I quickly spin off down 9th Street, heading for the back entrance to my home, but one asshole has clocked me and shouts, — LUCY! ONE MOMENT, PLEASE!
A stampede of paparazzi; a pack of red-faced, morbidly obese wheezers and skinny vampire alcoholics, blinking in the sun, suddenly give an unlikely pursuit. I’m not letting up, though; ripping my keys out and opening the caged metal door to the back stairs, I slip in and slam it shut, just as the snapping pack crush each other up against its mesh. I’m climbing the staircase, ignoring their cacophony.
Inside the apartment, the open back window streams in cool morning air as sweet as creek water, as I try to regulate my breathing. The buzzer is going intermittently, and I eventually break down and answer it, raising the phone to my ear. — Lucy,
Live!
magazine, we really want to talk to you about an exclusive!

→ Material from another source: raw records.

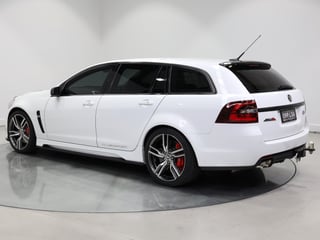 2016 HSV Clubsport R8 Tourer Build No 097 - Heron White …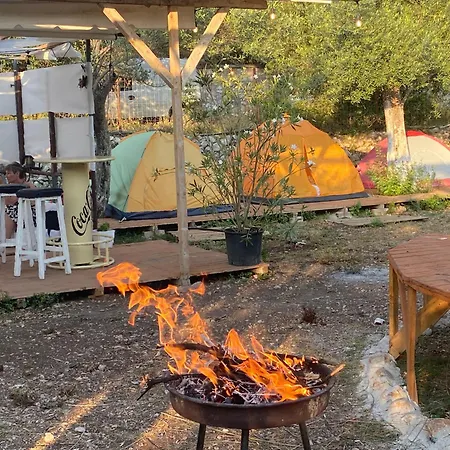 White And Camping Drymades *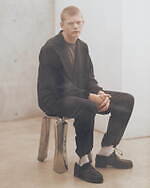 Scye 2025年春夏コレクション - 軽やかな風をはらむクラシカルなテーラリング｜写真29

— Not acceptable! Get the fuck away! Stop ringing my buzzer or I’ll call the police! I slam the phone down into its wall mounting. A dark instinct makes me go to the cupboard where I keep my .22 air pistol. I bought it last summer when a prowler was hanging around the building. He somehow gained entry and molested a girl who lives downstairs. I didn’t know her, although I’d obviously her seen around. I’m not sure exactly what happened, it wasn’t reported in the press, but you heard stories from other people in the apartment building. Some say the asshole raped her, others that he just bound her with duct tape and ejaculated on her. Whatever went down, he was one sick fuck.

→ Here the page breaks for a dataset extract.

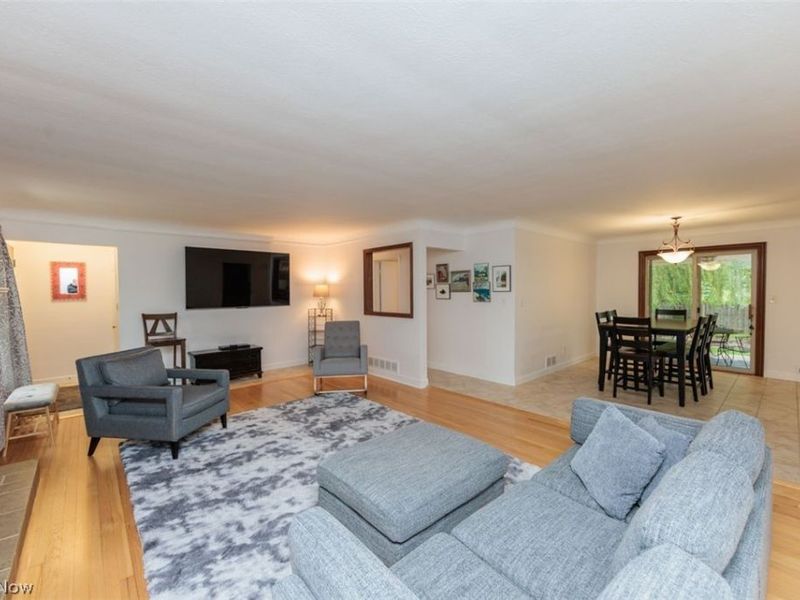 13239 Cherokee Trail , Middleburg Heights, OH 44130 Photo 6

My “pistol” isn’t a proper gun; it just blasts out lead pellets through air pressure. I’m not down with guns. Jails and morgues are full of feeble clowns who thought that carrying a firearm would compel folks to take them seriously. The incident spooked me, though, and I responded positively and started up a well-attended self-defense class for women.
I check my phone; it must have hit the TV news already as there are missed calls and voice and text messages of support from Mom, Dad, my sister Jos (a “wow, well done . . .” in her low, passionless voice), Grace Carillo from the MDPD (who ran the self-defense classes with me), Jon Pallota, the absentee owner of Bodysculpt (the fake gym I work out of), Emilio from Miami Mixed Martial Arts (the real gym I work out of), friends like Masterchef Dominic, and a host of old college buddies, and clients past and present.
This cheers me, and I take a long shower, the cold tap on full blast but never better than tepid against my burning skin. When I get out I peek through the slats of my blinds. The crowd seems to have dispersed, but stragglers could be lurking. The buzzer goes again. I answer it, right in the fucking zone to tear some cocksucker’s head off! — YES!!?
But this time it’s a woman’s voice, the honeyed tones smooth and reassuring. — I’m Thelma Templeton, VH1 programming. I’m not paparazzi and I’m not from a news channel. I don’t want a picture or a press interview. I give you my word if you let me in, I’ll be the only one who comes up. I want to speak to you about a fitness-slash-lifestyle show.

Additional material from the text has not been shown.